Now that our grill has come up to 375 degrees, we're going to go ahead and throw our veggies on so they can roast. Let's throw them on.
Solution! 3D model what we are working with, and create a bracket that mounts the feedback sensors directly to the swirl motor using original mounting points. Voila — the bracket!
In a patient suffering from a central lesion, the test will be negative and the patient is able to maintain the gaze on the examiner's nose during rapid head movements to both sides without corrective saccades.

· · ·

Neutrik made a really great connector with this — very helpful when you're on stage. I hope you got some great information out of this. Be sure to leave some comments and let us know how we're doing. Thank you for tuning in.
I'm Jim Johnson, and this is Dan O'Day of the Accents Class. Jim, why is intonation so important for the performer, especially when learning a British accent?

· · ·

WHAT NEEDS TO BE DONE: The response should hold exactly the lines starting at the line with "Now that our" and ending at the line with "In a patient", and no other line of the material above.

ANSWER FOR THIS EXERCISE:
Now that our grill has come up to 375 degrees, we're going to go ahead and throw our veggies on so they can roast. Let's throw them on.
Solution! 3D model what we are working with, and create a bracket that mounts the feedback sensors directly to the swirl motor using original mounting points. Voila — the bracket!
In a patient suffering from a central lesion, the test will be negative and the patient is able to maintain the gaze on the examiner's nose during rapid head movements to both sides without corrective saccades.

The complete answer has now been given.